── INFORMATION SHOWN

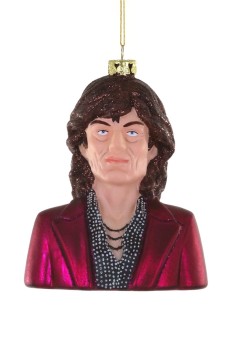 kerstbal Mick Jagger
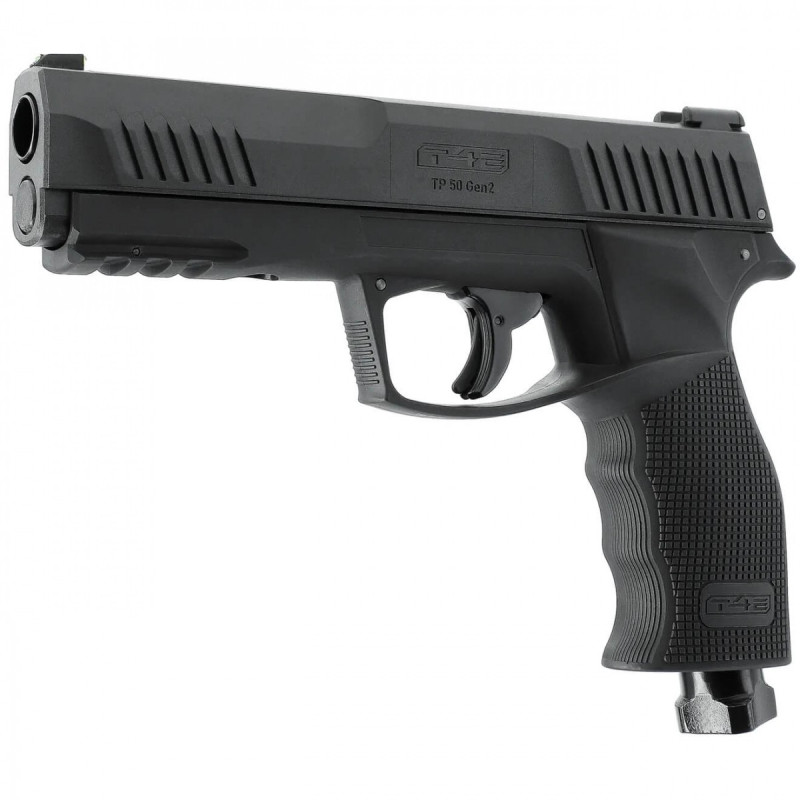 Pneumatinis pistoletas T4E TP 50 Gen2 kal.50 7.5J (2.4065)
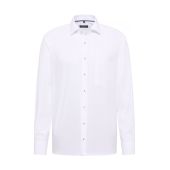 Eterna Mens Big Size Comfort Fit Non Iron Cotton Long Sleeve Formal Long Sleeve Shirt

────

§ **DIRECTIONS**
Skipping all images, print the data above a second time exactly.

§ **RESPONSE**
 kerstbal Mick Jagger
 Pneumatinis pistoletas T4E TP 50 Gen2 kal.50 7.5J (2.4065)
 Eterna Mens Big Size Comfort Fit Non Iron Cotton Long Sleeve Formal Long Sleeve Shirt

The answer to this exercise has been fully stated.